Re: [patch] Lno branch merge part 8 -- canonical induction variable creation

[Zdenek Dvorak <rakdver at atrey dot karlin dot mff dot cuni dot cz>]

Hello,

first let me emphasize one thing that you probably missed (as some
of your comments suggest):  The ivcanon patch does not have problems
with semantics of overflow of signed arithmetics, since all induction
variables it creates are unsigned.

Now some comments to what you said below:

> On Sat, 21 Aug 2004, Zdenek Dvorak wrote:
> > If I understand you correctly, what you say here is that all this
> > -fwrapv discussion is completely irrelevant to the original problem,
> > i.e. if there are optimizations in gcc that assume that signed
> > arithmetics does not overflow?
> 
> It is relevant to your patch, and the reason why RTH refused to approve
> it.  Yes, GCC contains optimizations that assume that signed arithmetic
> does not overflow, and this is allowed by the C language specification.

hmm... but what lead me to this question was that you said:

"The flag "-fwrapv" doesn't control whether overflow can or can't
happen", which you again contradict below.

Could you please make the issue clear by telling me whether the
following statements are true:

With -ftrapv, we ensure that signed operations that overflow cause
  error.  In particular we may assume that signed operations do
  not overflow if they are executed correctly.

With -fno-trapv -fno-wrapv, we assume that signed operations that
  overflow cause undefined behavior.  In particular the optimizers
  may assume that signed operations do not overflow, or that the
  overflow has the modulo semantics (*), if they need to.

With -fwrapv, signed operations have a defined behavior -- the modulo
  one.

Consequently:

-- unless -ftrapv, it is correct to assume for example that:
     INT_MAX+1 is INT_MIN
     unsigned arithmetic works like signed arithmetic
     arithmetic overflow does wrap around
   (either due to -fwrapv, or the fact that the result is undefined).

-- however unless -fwrapv, it is incorrect to produce expressions in
   signed arithmetics that may overflow, since they would either
     cause error (with -ftrapv), or
     have undefined behavior, which could cause misscompilations in
       other passes (with -fno-trapv -fno-wrapv).

Zdenek

(*) Or we may postulate any other semantics we like for the overflow.
    But I don't know of a case where it would be useful.

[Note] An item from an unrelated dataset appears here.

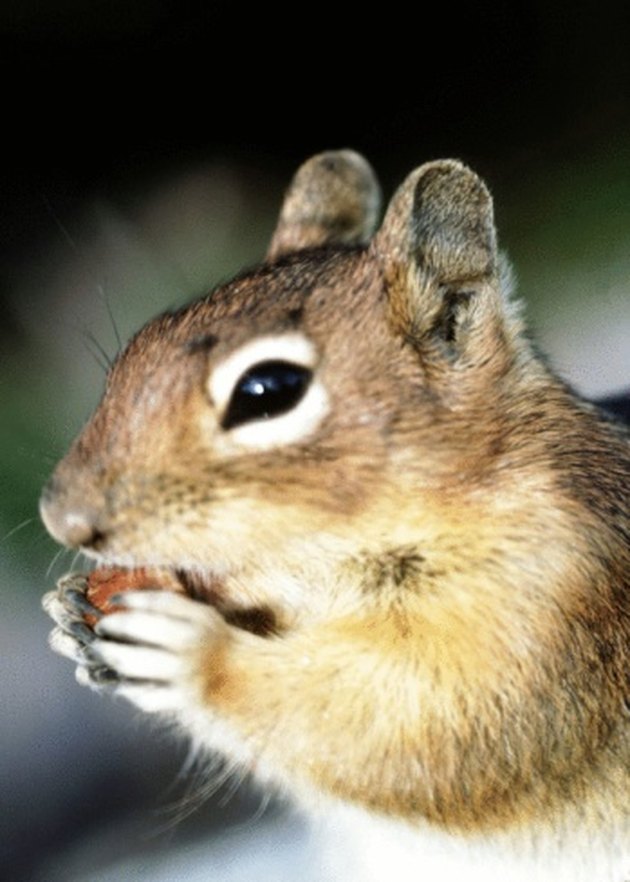 How to Keep Ground Squirrels From Digging in Your Garden | Hunker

> As a result, code transformations have to be extremely careful when
> they change the trapping behaviour of program as many of the assumptions
> that are made may be unsafe or counter-intuitive.
> 
> For example,
> 
>   for (unsigned int u=0; u != N; u++)
> 
> can't be canonicalized to the seemingly equivalent
> 
>   for (int i=0; i != (int)N; i++)
> 
> without falsely assuming and relying on -fwrapv.  This transformation is
> valid for Java, but not for C or C++.  For example, later GCC passes may
> constant propagate N, and then a subsequent loop pass may decide that the
> loop never terminates and entirely eliminate the biv.
> 
> You're assuming and relying on the fact that GCC doesn't already contain
> the allowable optimization of "for (int i=0; i!=-1; i++)" into "for(;;)".
> 
> 
> Its a mistake to assume or rely on arithmetic overflow does wrap around,
> that INT_MAX+1 is INT_MIN, that unsigned arithmetic works like signed
> arithmetic, that the tree optimizers make the same assumptions as the
> RTL optimizers.  The problem is that a low-level programmer's sense of
> intuition of what is reasonable, and what can be taken for granted
> doesn't perfectly fit with what the C standard allows.
> 
> We're in a mystical world where "abs(x) >= 0" is always true even if
> x == INT_MIN!?  And arithmetic expressions can have different results
> depending upon whether they're evaluated at run-time vs. compile-time.